**BRIEF**
All of the entries are to be repeated exactly, with no pictures included.

**THE DATA**
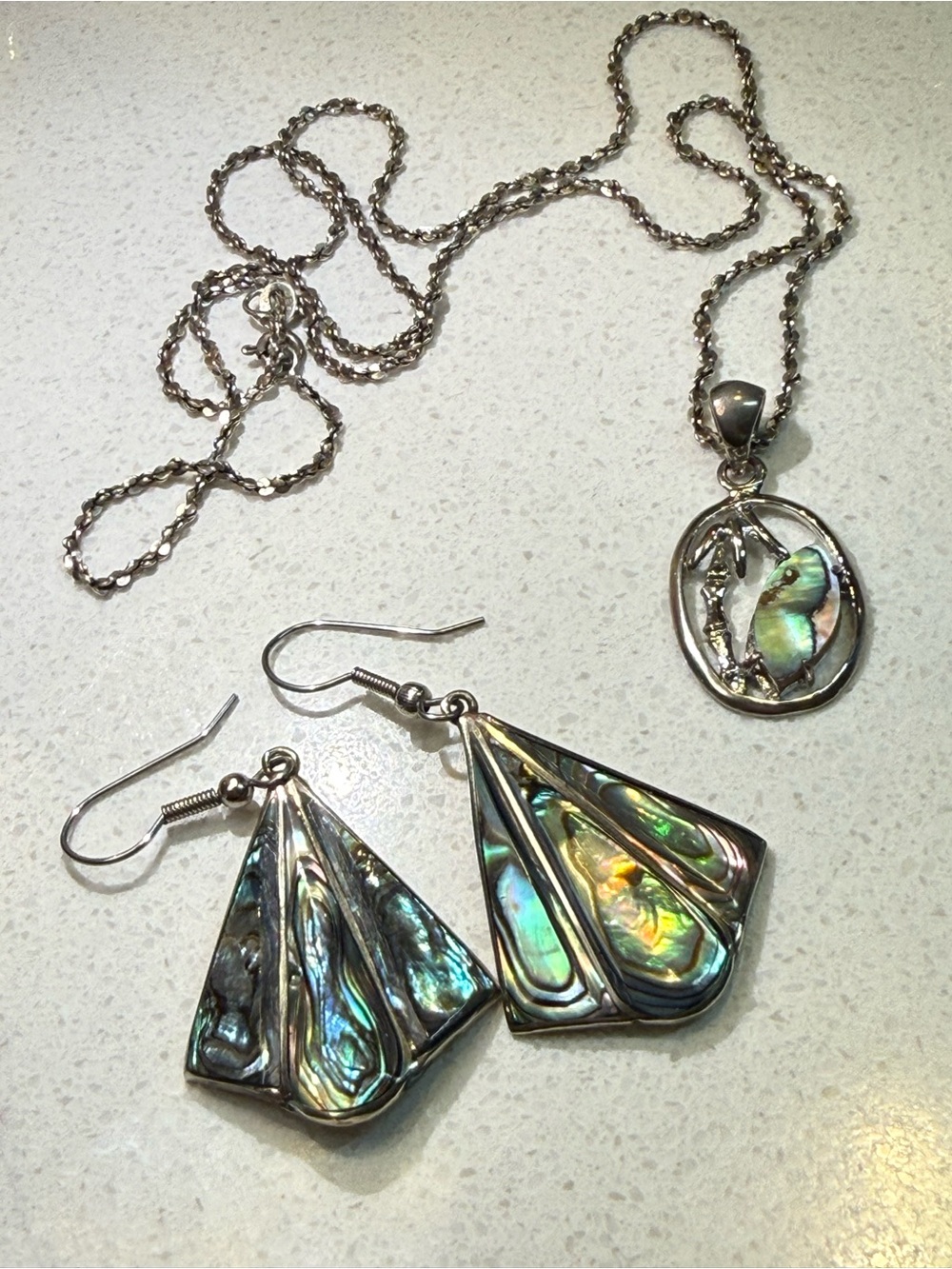 Sterling Silver / Alpaca MexAbalone Shell Necklace and Earrings Set
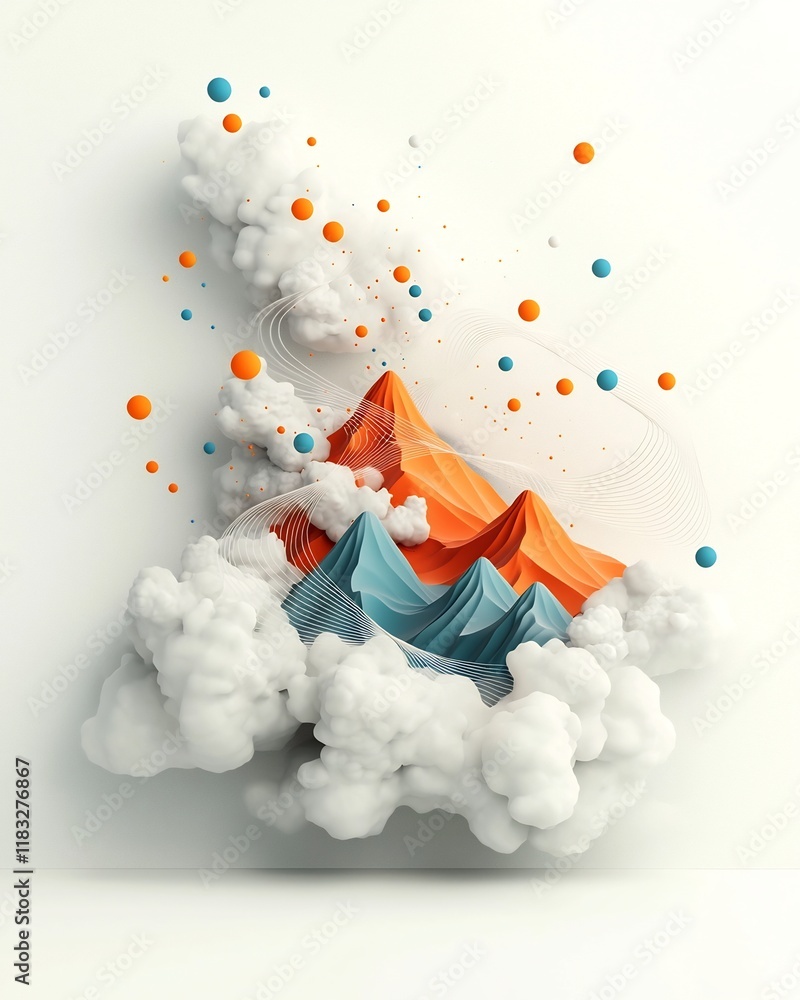 Aufkleber captivating surreal digital art featuring a dynamic wave of vibrant pastel dots and lines traversing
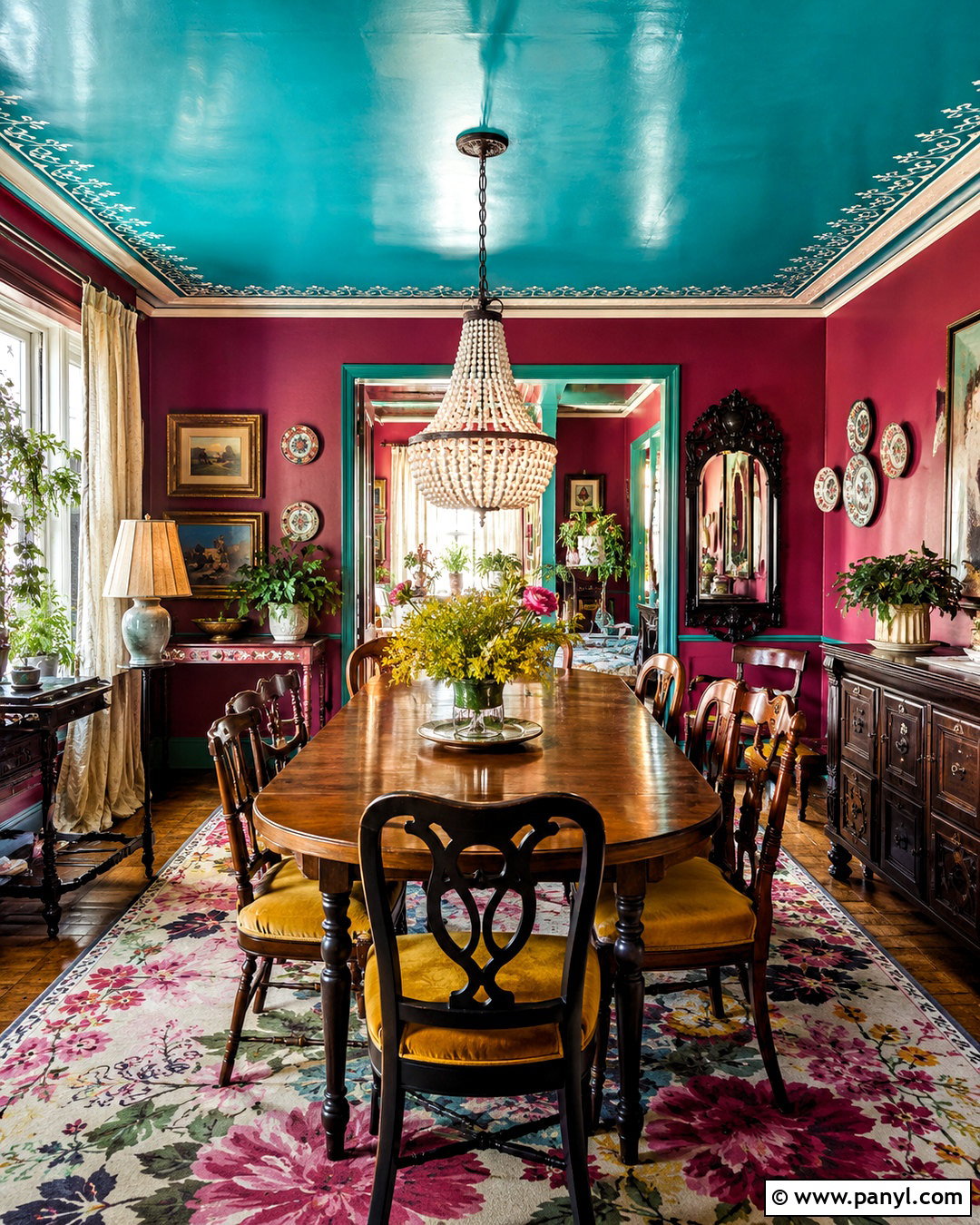 Maximalist Painted Ceiling Dining Room - 20 diy maximalist decor ideas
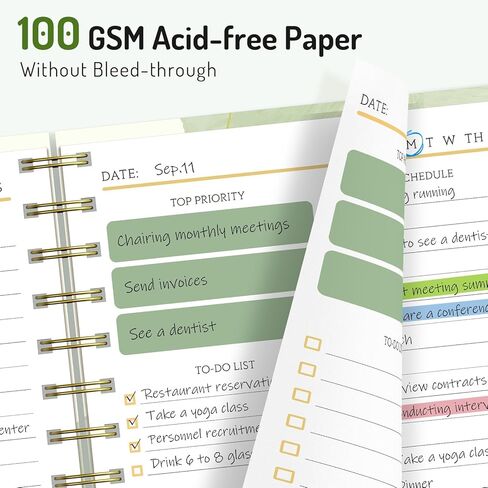 مخطط جمالي يومي، مخطط دفتر الملاحظات مع جدول كل ساعة، مخطط عمل بغلاف مقوى مقاس A5 للبقاء منظمًا وتعزيز الإنتاجية، مخطط غير مؤرخ للوازم المدرسية المكتبية، 160 صفحة in Kuwait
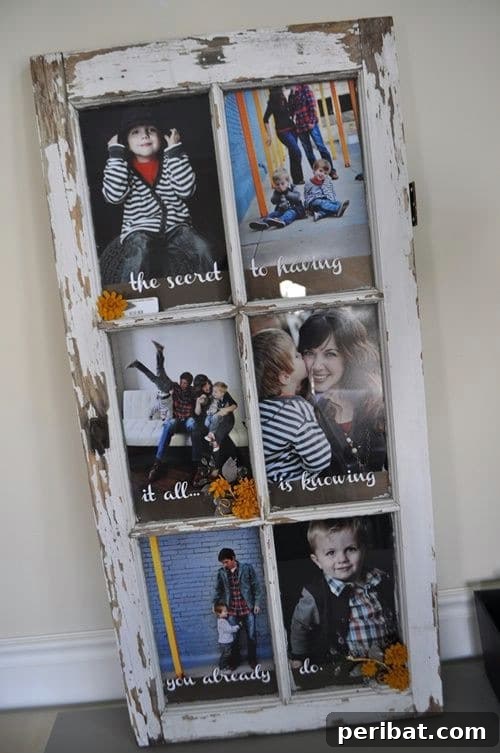 Charming Repurposed Window Photo Display for Rustic Weddings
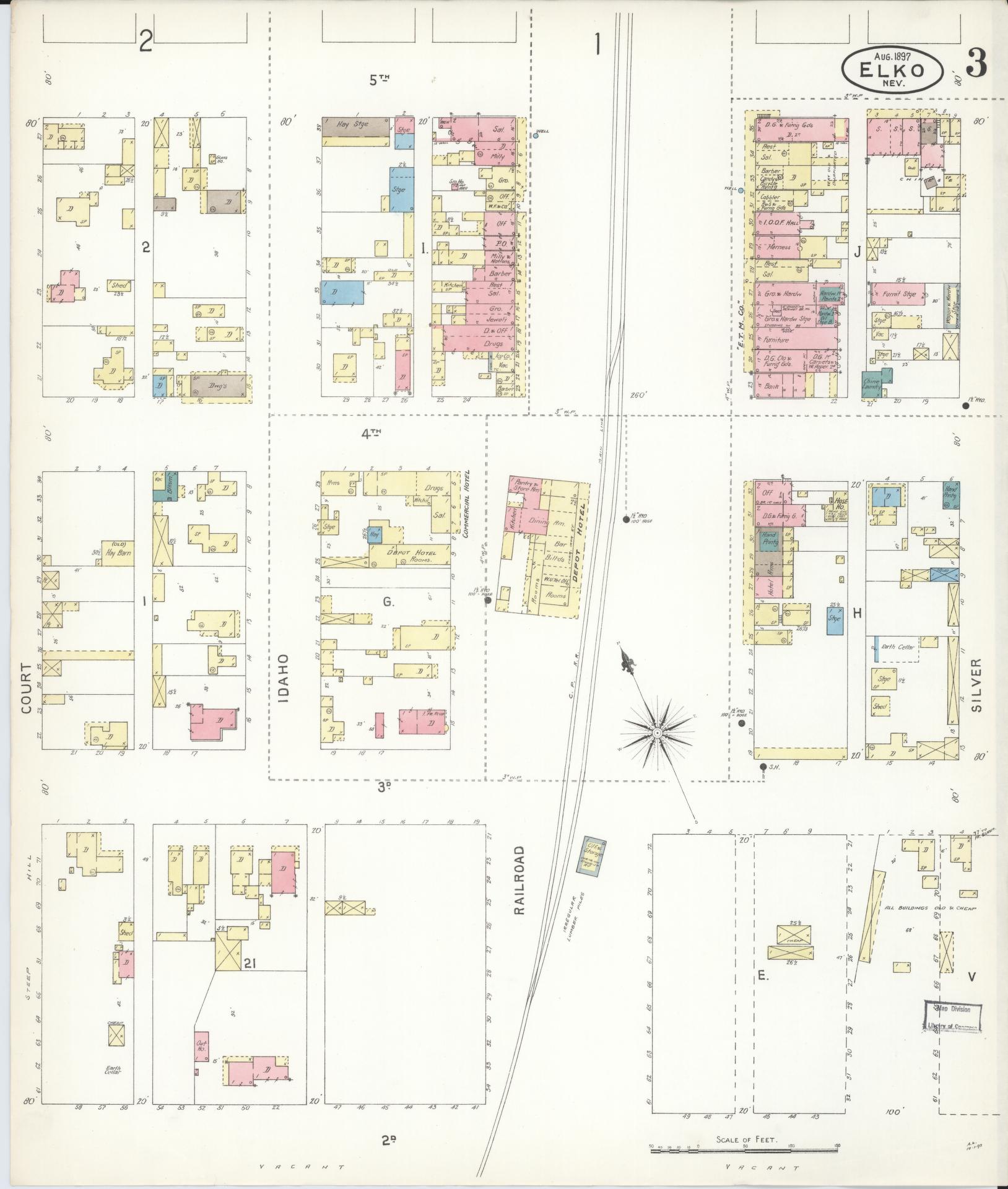 Sanborn Fire Insurance Map from Elko, Elko County, Nevada (1897), Sheet #0003 - Historic Sanborn Fire Insurance Map Print, vintage old map wall art, antique decor, genealogy gift, Nevada Nevada map
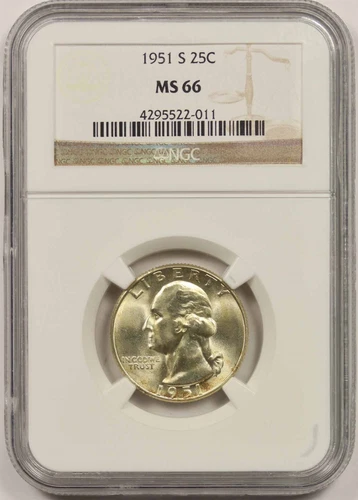 1951-S 25C NGC MS 66 Washington Silver Quarter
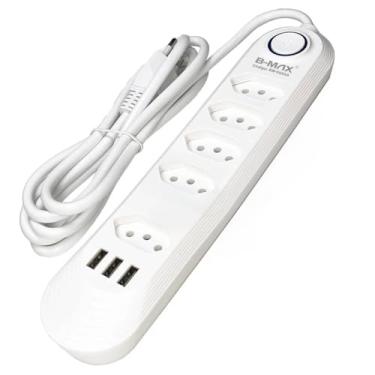 Imagem de Extensão De Tomada Filtro de Linha Com Entrada Usb Bivolt Cabo 2 Metros De Comprimento (branco[5 Tomadas + 3 USB])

**COMPLETED EXERCISE**
 Sterling Silver / Alpaca MexAbalone Shell Necklace and Earrings Set
 Aufkleber captivating surreal digital art featuring a dynamic wave of vibrant pastel dots and lines traversing
 Maximalist Painted Ceiling Dining Room - 20 diy maximalist decor ideas
 مخطط جمالي يومي، مخطط دفتر الملاحظات مع جدول كل ساعة، مخطط عمل بغلاف مقوى مقاس A5 للبقاء منظمًا وتعزيز الإنتاجية، مخطط غير مؤرخ للوازم المدرسية المكتبية، 160 صفحة in Kuwait
 Charming Repurposed Window Photo Display for Rustic Weddings
 Sanborn Fire Insurance Map from Elko, Elko County, Nevada (1897), Sheet #0003 - Historic Sanborn Fire Insurance Map Print, vintage old map wall art, antique decor, genealogy gift, Nevada Nevada map
 1951-S 25C NGC MS 66 Washington Silver Quarter
 Imagem de Extensão De Tomada Filtro de Linha Com Entrada Usb Bivolt Cabo 2 Metros De Comprimento (branco[5 Tomadas + 3 USB])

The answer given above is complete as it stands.